After the nonlinear activation function is employed, the data is passed into another layer of the CNN. The next layer is called a pooling layer. Images contain large amounts of data, and analyzing the image can take a long time. Pooling layers function to reduce the amount of processing time an image requires, accomplished by simplifying the representation of the image. The pooling layer gets its name from the fact that it selects a small region of the image, just a few pixels on a side, and chooses a value to represent that region. The effect is that the image is “downsampled”, or scaled down, but the critical information that represents the image is maintained. This process is repeated for the entire image.
There are numerous pooling functions that can be used to downsample an image, such as Average Pooling and Max Pooling. Average Pooling captures the average value of a region, while Max Pooling captures the maximum value of a region of pixels. In practice, Max Pooling tends to work best and therefore it is the most commonly used pooling function.
In the fully connected layers every neuron receives an input from every neuron in the previous layer. The fully connected layers are what actually does the discriminative learning in the CNN, or to put that another way they are what actually learns the patterns relevant to the image and enables classification. The fully connected portion of the CNN learns to discriminate between classes by adjusting the weights of the inputs, and the weights are just assumptions about how each input is related to the class.

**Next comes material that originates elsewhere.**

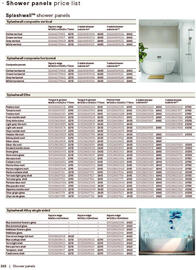 B&Q brochure Page 262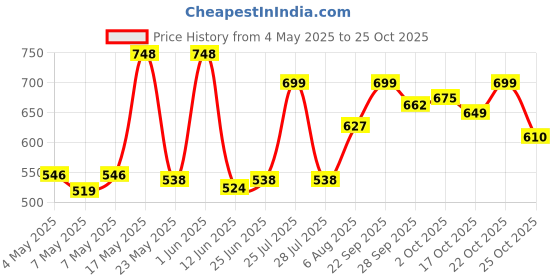 amazon.in MamyPoko Pants Extra Absorb Baby Diapers Newborn/X-Small (NB/XS),54 Count, Upto 5kg, 1 Count Price History Graph from 4 May 2025 to 25 Oct 2025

In a convolutional neural network, the image data from the convolutional layers must be flattened heading into the fully connected layers, which compresses the data down into a single long feature vector that can be used by the fully connected layers.
When preparing a dataset to fed into a Convolutional Neural Network, the image data can be annotated. Image annotation is the process of adding metadata to the image, which can provide the CNN with extra information that helps it distinguish objects from one another.
The bounding box is the most common type of image annotation, and it defines where in an image the learning algorithm should look for an object, in addition to telling the algorithm what that object is. Other types of annotation include point annotation, which tracks specific points in an image, and semantic segmentation which assigns every pixel in a semantically defined region a class. Image annotation can greatly improve the accuracy and performance of an image classifier.